Si es cierto que la Escritura es ofrecida a todos los bautizados, no es menos cierto que fue a la Iglesia Jerárquica, (a los Doce y a sus sucesores) que Cristo confió su Palabra; es decir, la misión de interpretarla. La Iglesia leyó en Jn. 20 la voluntad de Cristo de vernos confesar nuestros pecados graves a sus representantes, no de una manera genérica (“soy un pecador”) sino específica (“he cometido adulterio”) y numérica (“siete veces”).Una caída aislada, puntual, es muy distinta de un vicio habitual. Cristo quiere curar nuestros actos concretos.
La confesión no es una tortura. Los pecados olvidados, luego de un examen diligente, son perdonados. Pero deben ser acusados en la próxima confesión. La imposibilidad física (mutismo, olvido involuntario) o moral (riesgo de escrupulosidad) dispensa de la integridad material.
2) Amamos, Señor, tu voluntad. ¿Pero para qué quieres nuestras confesiones? Porque Tú nos salvas por tu Encarnación, prolongada en tu Iglesia. Tú eres el Dios hecho hombre; Tú has expiado nuestros pecados humanamente; Tú quieres que nos confesemos a hombres enviados por Ti para tal efecto. Hay ahí, una humilde reparación del orgullo, raíz de todos nuestros pecados; y al mismo tiempo una liberación psicológica.

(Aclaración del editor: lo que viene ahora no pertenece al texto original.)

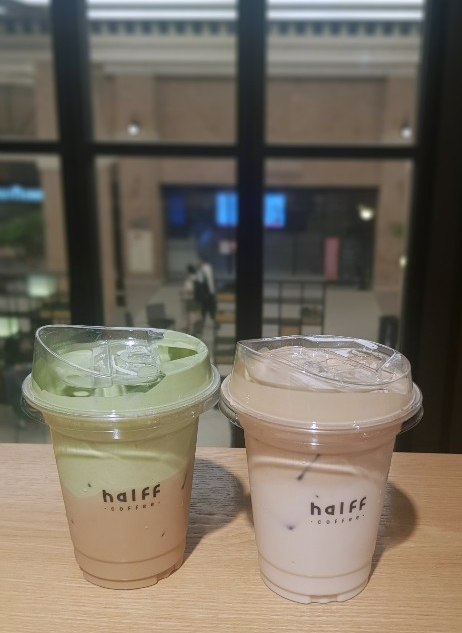 고터 파미에스테이션 데이트 코스 1! 하프커피 강남점(고속터미널역)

3) Esperamos de la todopoderosa misericordia de Cristo la voluntad de hacer buenas confesiones, durante toda nuestra vida, frente a buenos confesores.
Si temes confesarte, es que temes a tu confesor. He aquí el remedio: pide la gracia y el valor de confesarte. Pide para tu confesor las luces y palabras que – a juicio de Cristo – necesita tu alma. Entonces, estarás dispuesto a beneficiarte hasta de sus palabras más sencillas, que son rayos del Corazón de Jesús.
Creemos en el perdón de los pecados. Lo queremos y lo esperamos.